"I came of age in the 60's and 70's, when all the rules about behavior and workplaces were different. That was the culture back then. I have since learned it's not an excuse, in the office -- or out of it. To anyone."
This is from Harvey Weinstein's official statement regarding the allegations that he has spent the last forty years sexually harassing women he encountered in professional settings. My personal favorite horror story is one in which he trapped a woman in the hallway of a restaurant and, when she refused his advances, masturbated into a potted plant.
However, this is neither here nor there. Weinstein's actions and his defense for those actions is another sad reminder that rape culture is still so horrifyingly present in 2017.
Weinstein's various excuses and extended statements led to women going to Twitter to discuss all the times they encountered their own version of Weinstein, and the responses were sobering. The thread brought in more than 4,000 replies of women telling their own sexual harassment stories, and most of them ended similarly: Those men still have jobs.
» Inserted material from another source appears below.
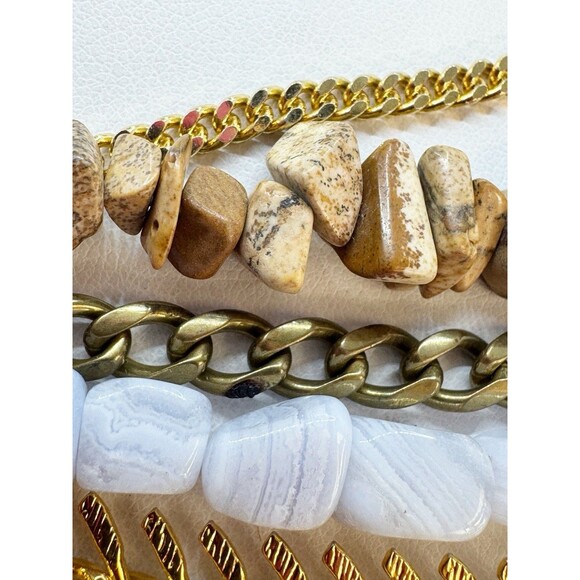 Ab Max Stone & Mixed Chain Layered Multistrand Necklace Gold Tone Boho Bohemian - Picture 10 of 13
Weinstein lost his job, but unfortunately, that is far from the majority.
The fact that we are celebrating him being fired is a travesty alone -- we don't expect men to lose their jobs for this behavior because the rape culture surrounding Hollywood and our society, in general, has grown so thick that women are expected to take these advances as compliments or that they somehow instigated or asked for it.
Well, what were you wearing? Were you leading him on? Did you flirt with him first? Why didn't you tell anyone? You were asking for it.
How many times will women have to hear those statements before they're believed?
Weinstein settled on EIGHT accusations over DECADES by intimidating women into accepting money rather than getting justice. Our criminal justice system rewards those with the capital to cover up their crimes, to never admit to any actual wrongdoing.
Weinstein isn't the minority.
He was surrounded, for decades, by people who laughed at his advances, kept quiet, or assumed he was "just joking" rather than calling him out. That's rape culture -- people normalizing comments like "You were asking for it dressed like that," or normalizing the overtly sexual advances on female coworkers.
You cannot even claim that rape culture doesn't exist because these accusations ruin the lives of those who are accused. Brock Turner only served three months of his pathetically short six-month sentence. Bill Cosby's lawyers found a way for a mistrial when the evidence is clear. I mean, Jesus Christ, we elected a man who passionately and proudly defended grabbing women by the pussy.
Those accusations ruin lives and careers? My ass.
We have become complacent. We have allowed men to get away with bullshit like this because it's hard to make waves. Women work so hard to be taken half as seriously as their male coworkers, so they ignore sexual advances from their superiors and coworkers because crying rape in a guarantee no one will take you seriously again.
There's a little less than two months left in 2017, so make it your mission to call out that bullshit. Make it your mission to make people uncomfortable by saying, "What do you mean by that?" and forcing them to explain their gross joke to you. Make it your mission to make men squirm when you give them your best death glare when they tell you to smile more.
Make it your mission to make the "that's just the way things were" argument obsolete. Be the change you want to see in the world because goddammit, it's 2017, and it's time for rape culture to be as finished as Harvey's career.